It’s like the OK Corral in our house of late. Shots have been fired but thankfully, all the main players (me and the hound) are still standing.
“This house isn’t big enough for the both of us, you varmint,” I told Waffle after his latest infraction of said house’s rules. A tense standoff then ensued but Waffle just narrowed his eyes Clint Eastwood-style.
“Draw, Godamit!” no-one said.
The new problem, it has latterly emerged is that Waffle has taken to rooting around in the bin under the sink and subsequently scattering detritus all around the kitchen floor.
“Tarnation! You’d think you was never fed.”
As Waffle skulked around the kitchen like a licked member of the Clanton gang, I resisted the urged to pluck my marshal star off my chest and fire it in his direction. I mean, I was hardly toting my six-shooter at the time – which was probably for the best.
Our bin (before it had come to be unmolested by the hairy varmint), lives inside the kitchen cupboard under the sink. The cupboard door in question is one of those slow-closing types but over time it has become a little sticky, which is to say, you have to push it closed or it doesn’t arrive at its destination. On those occasions when someone has tossed something into the trash (as the gunslingers call it), the opportunistic bandit has taken to sidling in and hijacking the bin, before making off with his loot and then scattering it around the kitchen. It’s the kind of heist nobody really needs in their life, especially when a body is trying to catch some shut-eye after a long day on the trail.
“There’ll be no beans and jerky for you tonight, pilgrim,” I told Deputy Dawg after his first bin-hoking excursion.
“Ah, quit your belly-achin’,” he seemed to say.

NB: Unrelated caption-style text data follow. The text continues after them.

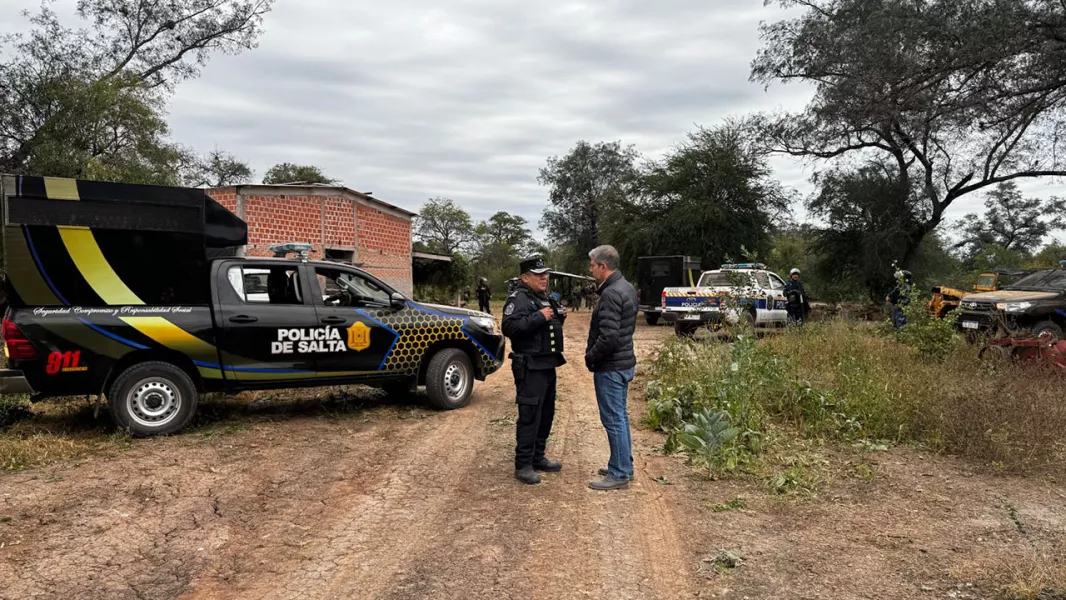 18410-la-justicia-ordeno-el-desalojo-de-tierras-usurpadas-en-los-ex-lotes-fiscales-55-y-14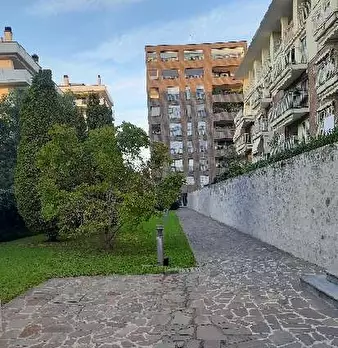 Foto annuncio 9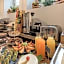 Hotel La Fortezza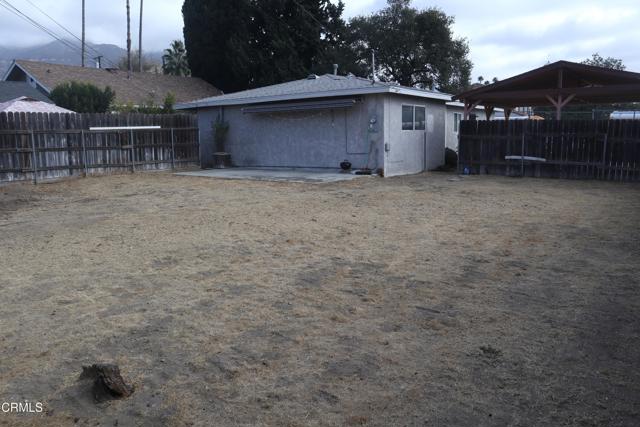 Detail Gallery Image 13 of 24 For 622 W Mariposa St, Altadena,  CA 91001 - 3 Beds | 1/1 Baths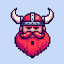 VIKINGOD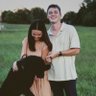 Taylor Barker ✈️'s profile picture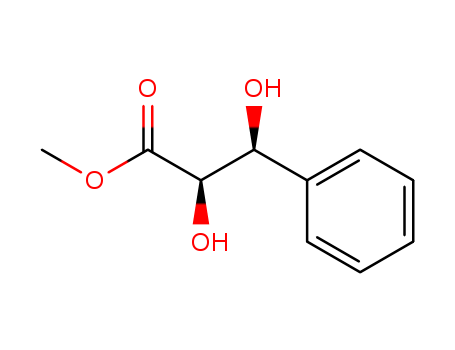 magnesium [[N,N'-ethylenebis[N-(carboxymethyl)glycinato]](4-)-N,N',O,O',ON,ON']magnesate(2-)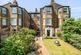 Additional image 6 of Thurlow Hill, West Dulwich, London, SE21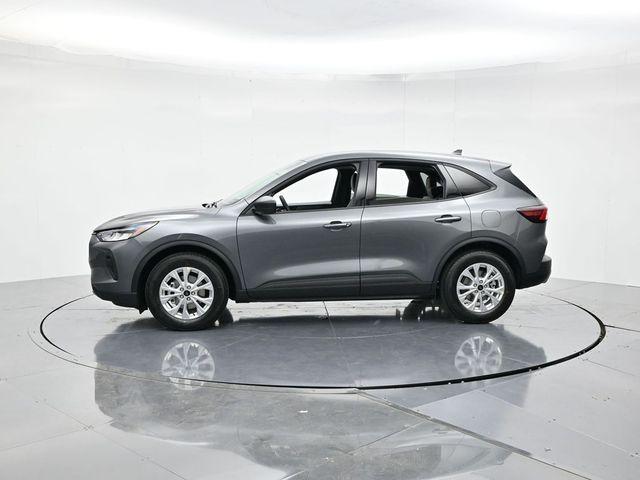 new 2026 Ford Escape car, priced at $28,597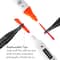 Arteza® 60 Color EverBlend™ Ultra Dual Tip Art Marker Set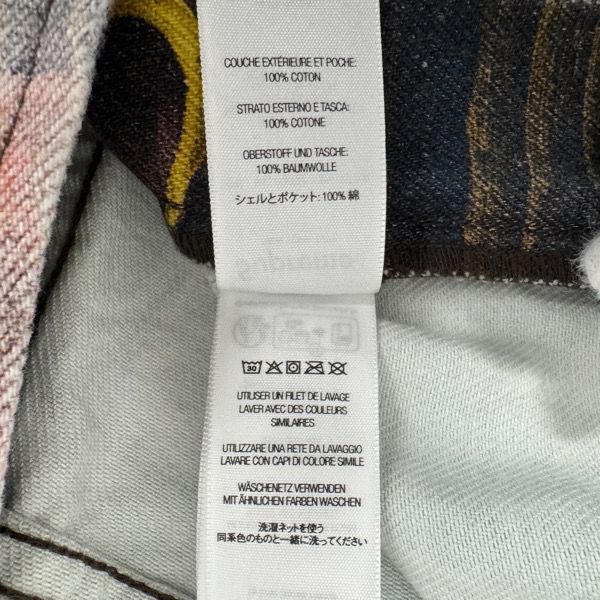 Supreme|シュプリーム 25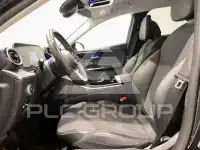 2023 Mercedes Benz C 220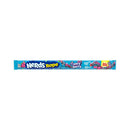 Nerds, Rope Candy, Very Berry, 0.92 oz (24 Pack)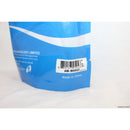 【新品即納】[MIL]AMOMAX(アモマックス) リリースボタン・ホルスター for マカロフ(AM-MAKG2)(20150223)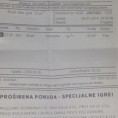 Невероватно: Одиграо „седам плус“ на Немце!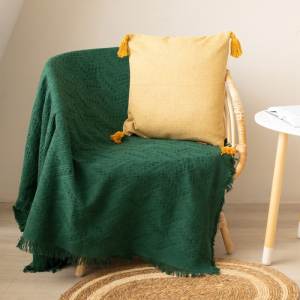 Плед Triangle 130*180 см: купить за 2990 руб  Плед Triangle 130*180 см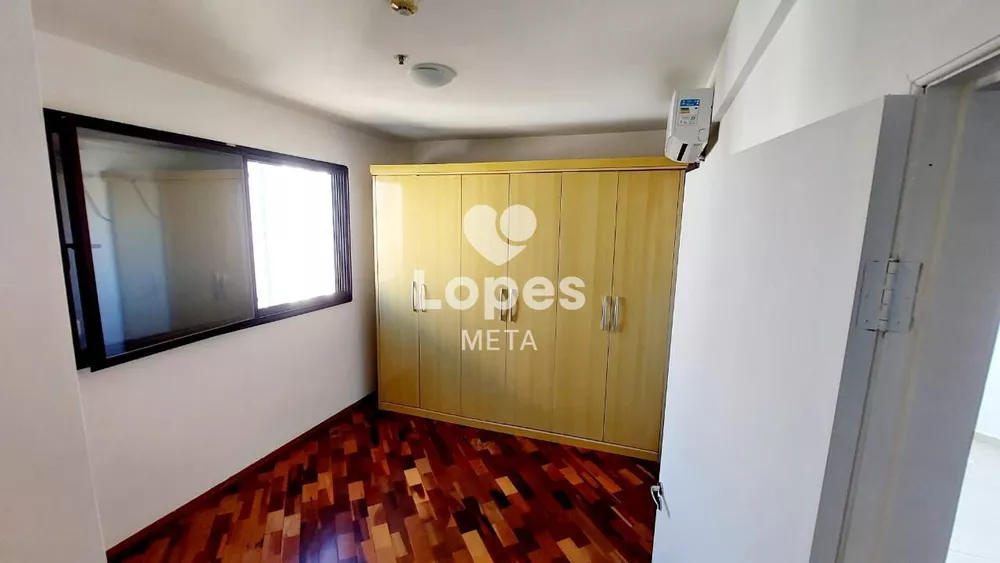 Cobertura, 2 quartos, 120 m² - Foto 13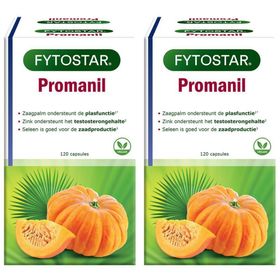 Fytostar Promanil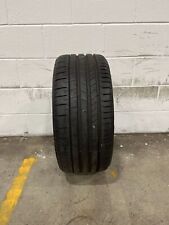 P245 35r19 pirelli for sale  Waterford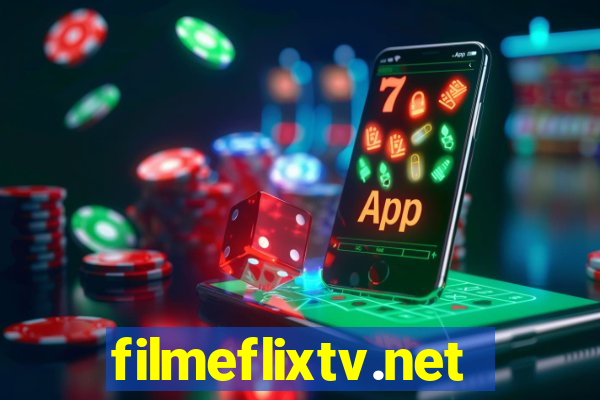 filmeflixtv.net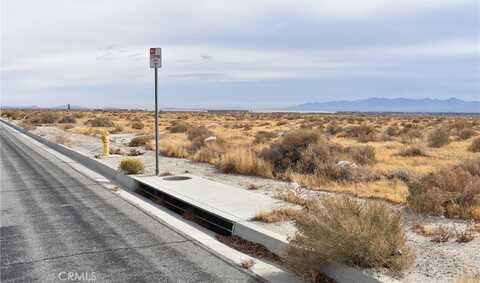4700 W Ave G, Lancaster, CA 93536
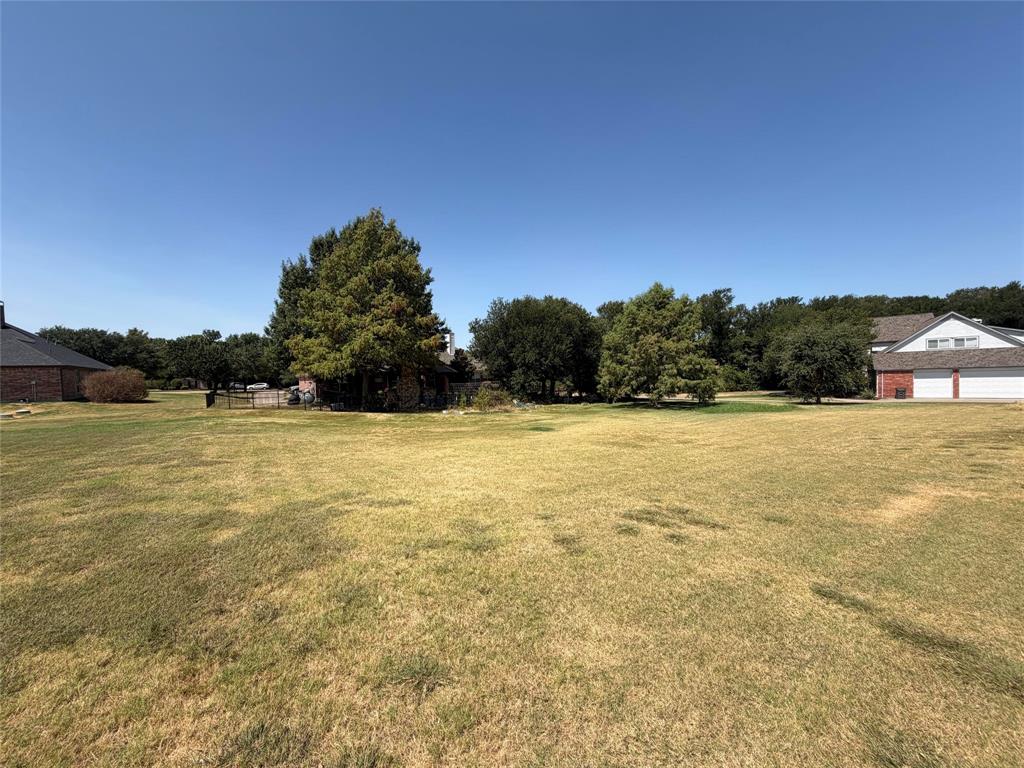 1513 Brook Lane Property Photo 15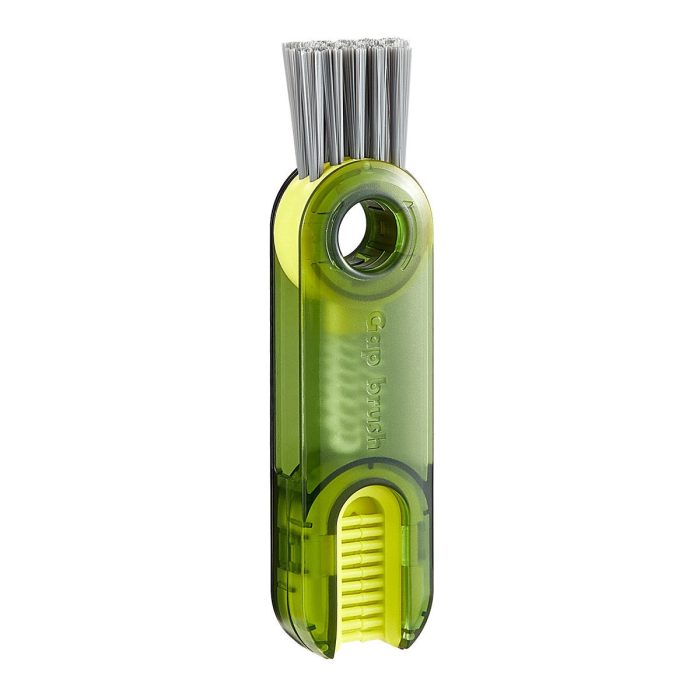 Magic Cleaning Time Tiny Bottle Multifunctional Cleaner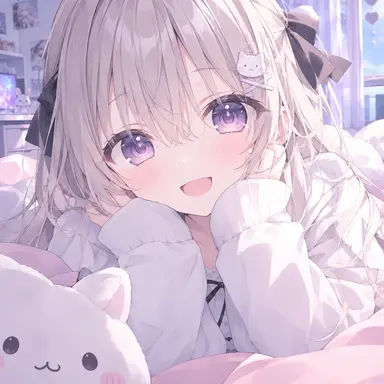 Profile image of Ria Ichinose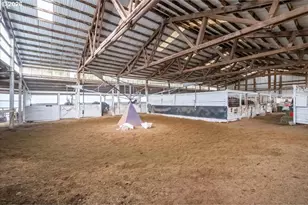 38742 Scravel Hill Rd, Albany, OR 97322 - Photo 14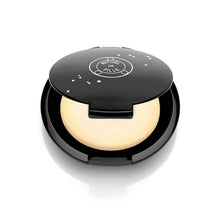 Load image into Gallery viewer, Rituel De Fille Rare Light Luminizer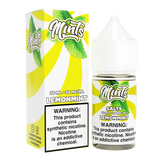 Mints Salt 30mL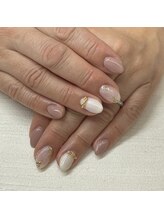 エーナイン 北広島店/シンプルデザイン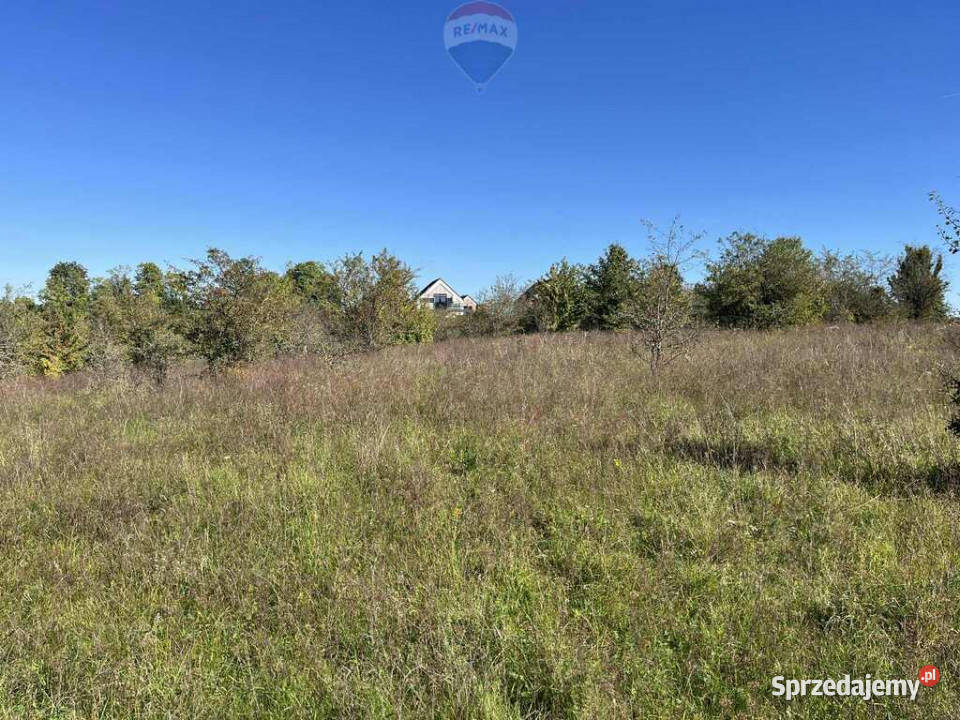Działka na Mazurach 3 chwile do jeziora warmińsko-mazurskie Dudki sprzedam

Thereafter, the town marshal (me) decreed that whosoever doesn’t close the bin cupboard door properly would be thrown into the clink and, for a time, all was well. Then the bandit struck again.
I was at work one afternoon and I received a telegram from my other deputy (Herself) who said, “Desperate Dog has figured out how to open the cupboard door even when it’s properly closed.”
I didn’t have to enquire as to the resulting mess when this transgression took place but I safely assumed that he and I would duel it out when I revisited the ranch.
Upon my return, I realised however that I would have to temper my rage. Without being caught red handed (pawed), Wild Bill Hiccup wouldn’t learn his lesson and so a duel in the saloon would be moot. I was gonna have to play it cool.
“Hell’s comin’ with me, you hear? Hell’s comin’ with me!” I nevertheless raged.
In the end, I decided to stake out the saloon on a Saturday evening when it was just me and Silly the Kid at the ranch. As a tumbleweed blew past the saloon window, I was sitting at the island nursing a sarsaparilla. I noticed the varmint slink into the kitchen but I paid him no mind. It was only as his nose poked into the cupboard door to winkle it open that I sprang into action.
“You gonna pull those pistols or whistle Dixie?” I demanded of the hound, who had stepped back after the door swung open. “I seen what you was fixin’ to do – don’t deny it!”
But Messy James just eyed me, as if ‘spectin’ me to draw first.
He seemed to say, “A dog’s got to do what a dog’s got to do.”
“Git!” I told him and hefted my bottle of sarsaparilla as if to let fly.
The bandit fled.
After much brooding about the situation, I have come to a sad conclusion. If I can’t teach an old bandit new tricks, we’ve gonna have to mosey on down to the general store and look for a new-fangled gadget to secure the door.
In the end, the sheriff was no match for a bandit with paws – but a child lock might be.